How will you judge whether your ERP (enterprise resource planning) system is a success? Will it deliver the benefits that you were expecting? Will it provide a sound return on your investment? Or will you simply be relieved when it is implemented in a reasonable time and cost without damaging your organisation?
The reasons why companies decide that they want a new ERP system are legion. But the three most pressing can be categorised as follows:
Knowing which of these is your primary motivation will help you set the goals you want to achieve from the new ERP system and therefore allow you to most accurately measure results.

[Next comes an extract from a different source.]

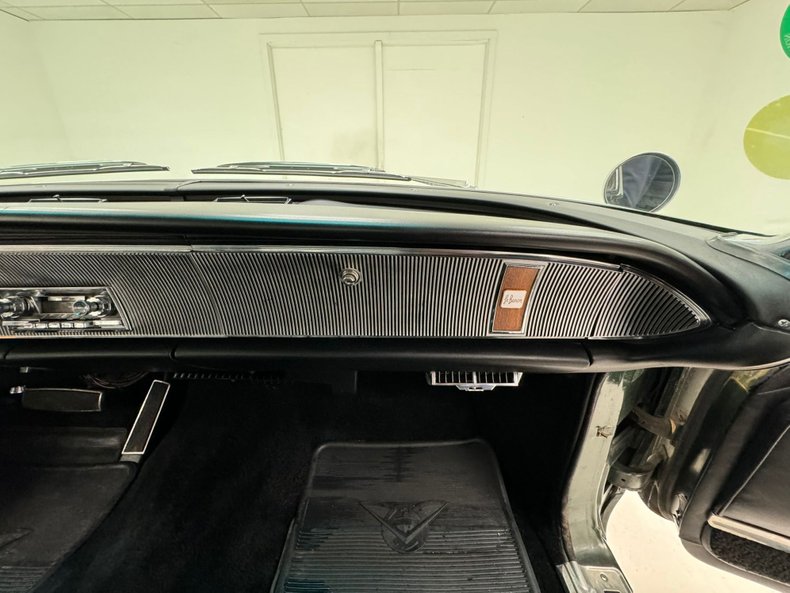 1964 Chrysler Imperial 54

Sometimes Project Objectives drive the desire for a new system. An existing system may:
>comprise an assortment of disparate systems that have little if any integration
>involve data duplication
>be difficult and costly to maintain
>no longer be supported
>be insufficient to meet some new legal requirement
These are issues that annoy staff, create errors and decrease productivity. They create problems that build up to the point where a company is willing to implement a new system in order to remove them.
Where business objectives drive the desire for a new system, a company may be looking to:
>reduce administration costs
>decrease its outstanding debtors amount
>improve service levels
>decrease the value of inventory
>gain a competitive advantage
>grow revenue without increasing staff numbers
The focus here is to improve the business in one or more ways by implementing a new ERP system and, hopefully, also improve the company’s processes and procedures around the new system.
In my experience, only rarely do Business Benefits drive the desire for a new system. Business Benefits are the quantifiable result of achieving Business Objectives, they may be expressed as follows:
>increase revenue by 13% per annum for the next three years
>reduce to, and then maintain, stock on hand at a value of no more than 12.5% of annual revenue
>decrease the outstanding debtors amount by $450,000 from its current average monthly level
>increase market share to 38% within 2 years
How to best measure success
Project Objectives alone should not drive a decision to implement a new ERP system. At best they are an indicator that opportunities exist to make improvements – once identified these improvements can be expressed as Business Objectives. Measuring system success on the basis of achieving the Project Objectives amounts to little more than a sigh of relief when the implementation is complete. Of course, Project Objectives have to be achieved but by themselves they do not provide any measurable benefit to an organisation.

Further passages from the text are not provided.